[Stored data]
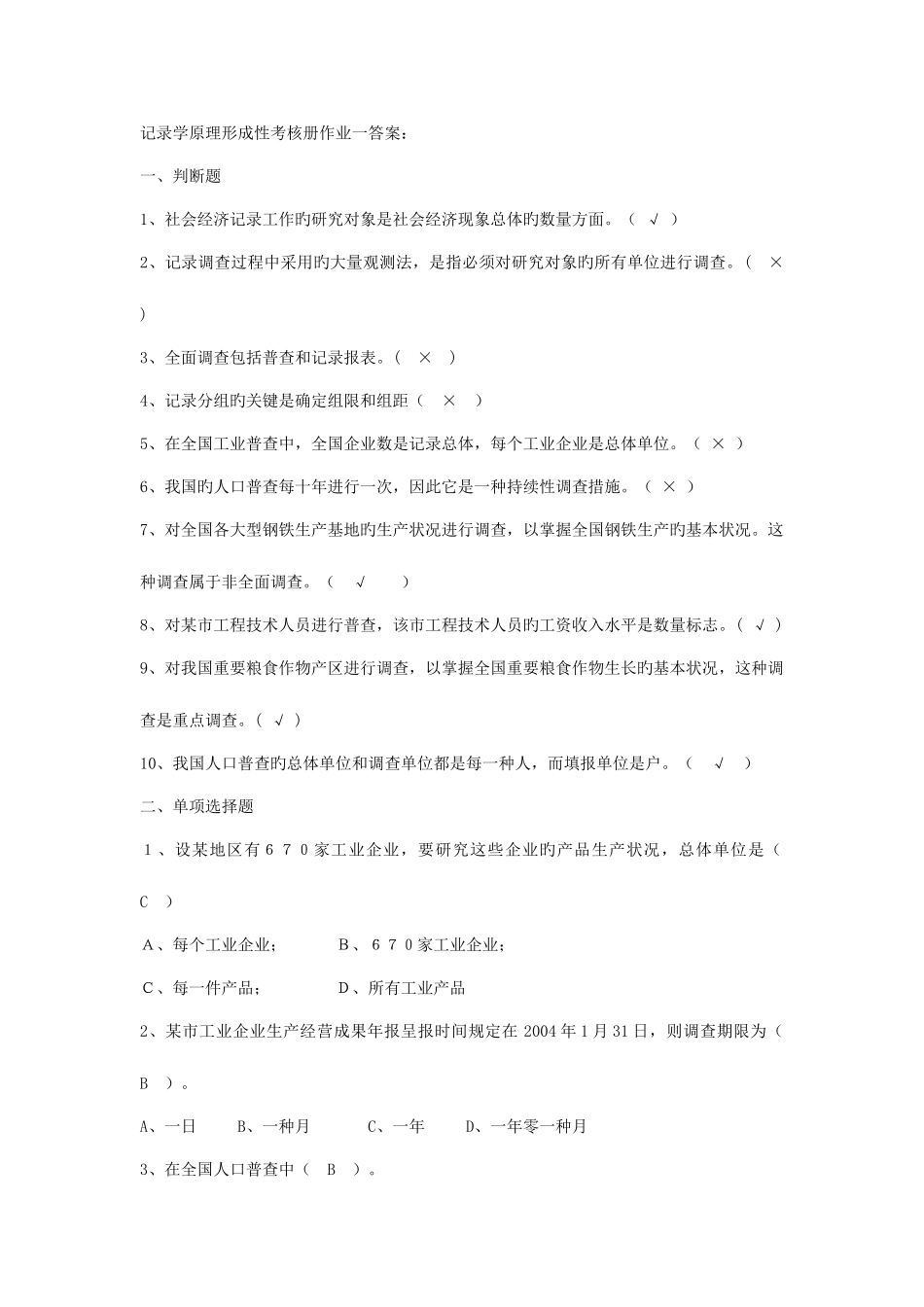 2025年会计专科统计学原理形成性考核册作业答案新版_第1页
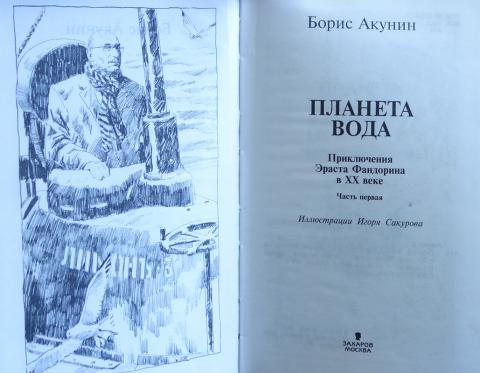 БЕСПЛАТНЫЕ КНИГИ АКУНИН ПЛАНЕТА ВОДА СКАЧАТЬ БЕСПЛАТНО БЕСПЛАТНЫЕ КНИГИ АКУНИН ПЛАНЕТА ВОДА СКАЧАТЬ БЕСПЛАТНО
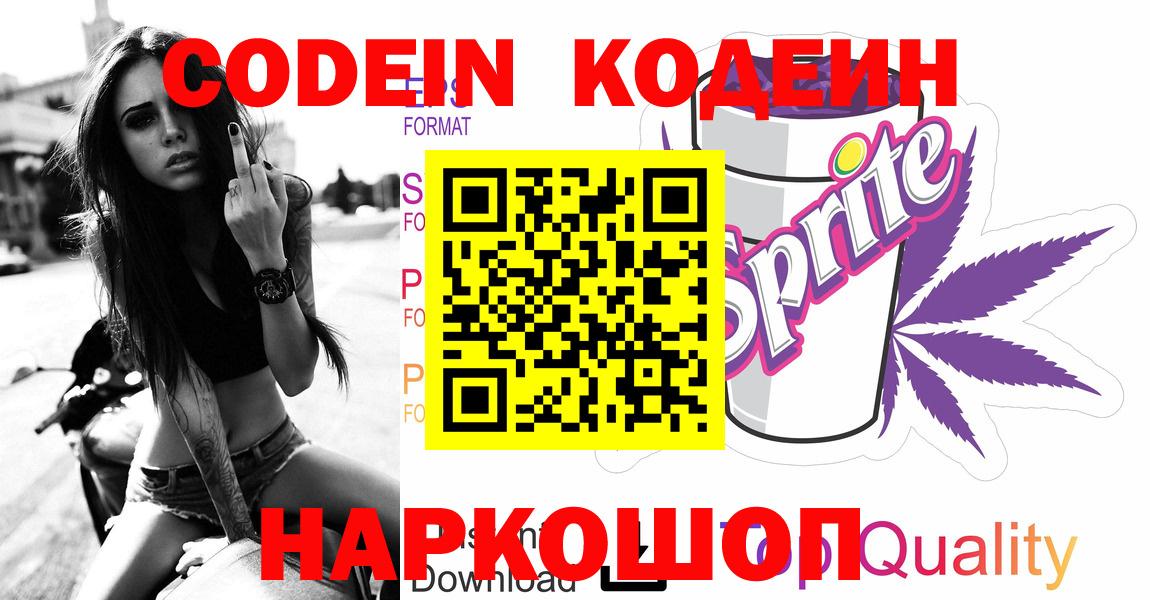 Кодеиновый сироп Lean напиток Lean (лин)  Вход с VPN  Усть-Джегута 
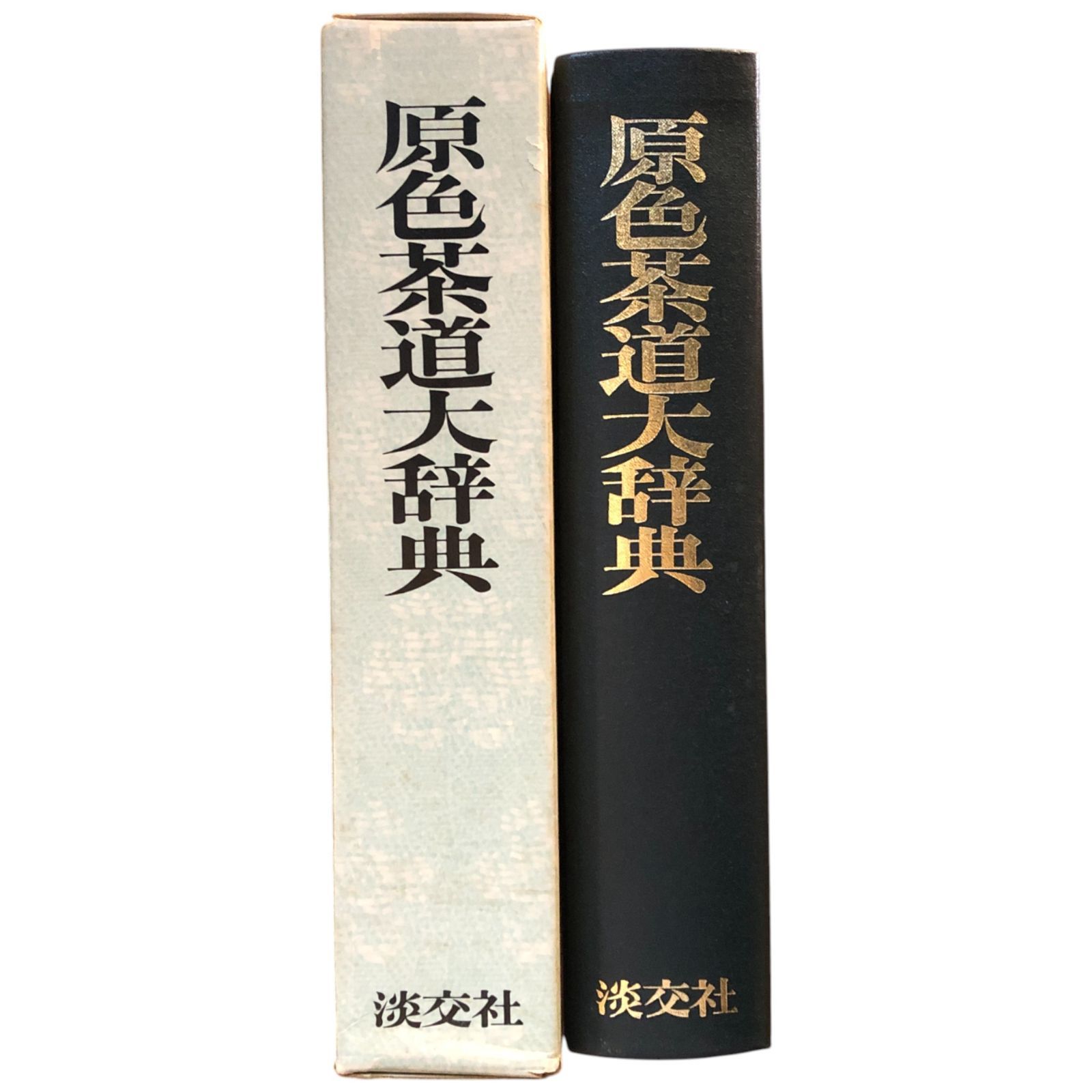 茶道大辞典 新刊 (茶道備要・索引) 茶道大辞典 新刊 (茶道備要・索引)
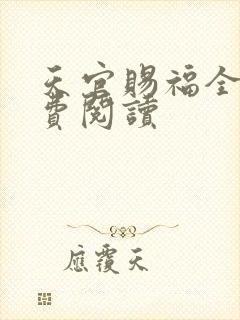 天官赐福全文免费阅读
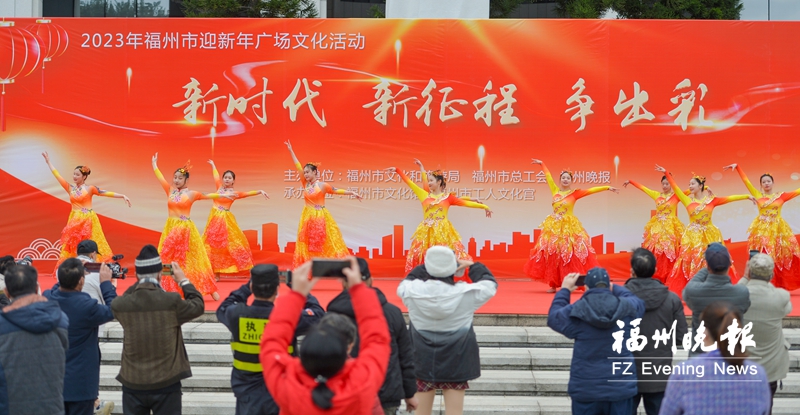 福州举办迎新年广场文化活动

__EXERCISE AIM__.
Your response must restate every record above exactly, with each picture omitted.

__THE ANSWER__.
 2025年会计专科统计学原理形成性考核册作业答案新版_第1页
 БЕСПЛАТНЫЕ КНИГИ АКУНИН ПЛАНЕТА ВОДА СКАЧАТЬ БЕСПЛАТНО БЕСПЛАТНЫЕ КНИГИ АКУНИН ПЛАНЕТА ВОДА СКАЧАТЬ БЕСПЛАТНО
 Кодеиновый сироп Lean напиток Lean (лин)  Вход с VPN  Усть-Джегута 
 茶道大辞典 新刊 (茶道備要・索引) 茶道大辞典 新刊 (茶道備要・索引)
 天官赐福全文免费阅读
 福州举办迎新年广场文化活动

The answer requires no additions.